Loin d’être neutre, la fiscalité joue un rôle capital dans la production des inégalités économiques et raciales. La juriste Dorothy Brown, dans son ouvrage The Whiteness of Wealth consacré à l’impact discriminatoire des impôts aux États-Unis, affirme que les politiques fiscales des États fédérés et de l’État fédéral contribuent à augmenter la richesse des foyers blancs et à désavantager les étatsunien·ne·s racisé·e·s. L’effet du mariage, par exemple, diverge selon les foyers : plus l’écart de salaires entre les conjoint·e·s est important, plus le couple bénéficiera d’un avantage fiscal élevé (Brown, 2021, pp. 29-63). Au contraire, si les revenus des deux personnes sont équivalents ou proches, il est possible que le fait d’être marié·e·s ne soit pas un avantage et puisse même coûter au foyer. Pour Brown, ce modèle a un impact discriminatoire pour les foyers les moins aisés, et les foyers racisés puisque les couples noirs ont statistiquement moins d’écart de revenus.
L’impôt sert à financer les infrastructures et services publics et lorsqu’il est conçu de façon progressive, il répartit l’impact du prélèvement de façon équitable, proportionnellement aux revenus et ressources. Or la structure fiscale étatsunienne contribue à renforcer les inégalités et à déposséder les populations les plus pauvres ayant le moins de pouvoir politique et tout particulièrement les populations racisées. Aux États-Unis, les récits et représentations de l’État taxateur informent ou déforment parfois les discours autour de la capacité égalisatrice de l’impôt ou de son rôle dans la dépossession économique et raciale. Le champ de l’éducation publique, partiellement financé par l’impôt foncier local, montre de manière paradigmatique comment la fiscalité, imbriquée avec la ségrégation raciale, participe à la fabrique des inégalités.

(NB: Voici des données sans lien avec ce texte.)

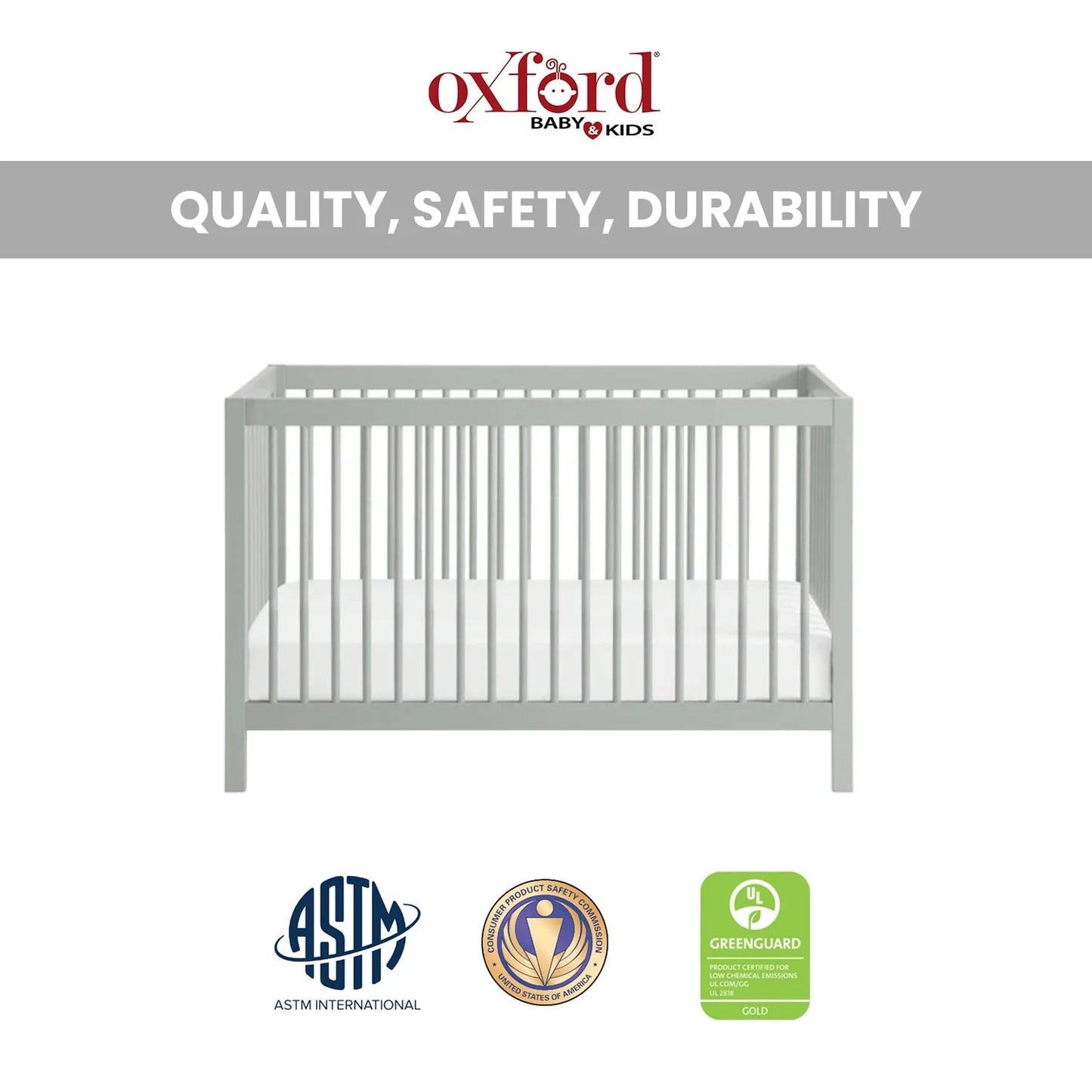 Stylish Gray 4-in-1 Convertible Crib with Round Spindles - Essential Island Full-Size Design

Penser l’impôt : récits et représentations
Dans le récit national étatsunien, la résistance à l’impôt tient une place prépondérante : un des cris de ralliement de la Révolution américaine était l’opposition aux taxes imposées par l’Empire britannique en l’absence de représentation politique au Parlement. Au cœur de l’idéologie révolutionnaire, l’enchevêtrement entre liberté et injustice de l’imposition a marqué l’identité nationale étatsunienne, gravant au cœur de celle-ci un paradoxe fondamental : l’élite politique de la nouvelle nation prônait l’idéal de liberté alors que le pays tirait la plupart de ses richesses de l’esclavage, institution qui façonnait son économie, son organisation politique et toute sa société.
L’historienne Robin Einhorn a souligné l’influence de l’institution de l’esclavage dans la structuration du système fiscal des États-Unis (Einhorn, 2006). Dans les premières décennies de la nation, les puissants planteurs du Sud craignaient que les États du Nord ne leur imposent des taxes trop importantes en raison de la nature de leur propriété—les personnes esclavagisées (Einhorn, p. 112). La Constitution des États-Unis a entériné le lien entre esclavage et imposition puisque la clause des « trois-cinquièmes » indexait la représentation au Congrès et les taux d’imposition selon une formule qui comptait cinq personnes esclavagisées comme trois, là où les autres, hormis les personnes amérindiennes, comptaient pour une personne à part entière. Einhorn pousse sa démonstration jusqu’à affirmer, à l’encontre de toute une tradition historique, que « la rhétorique anti-étatique qui continue de saturer la vie politique des États-Unis trouve ses racines dans la défense de l’esclavage et non dans celle de la liberté » (Einhorn, 2006, p. 7, traduction de l’autrice).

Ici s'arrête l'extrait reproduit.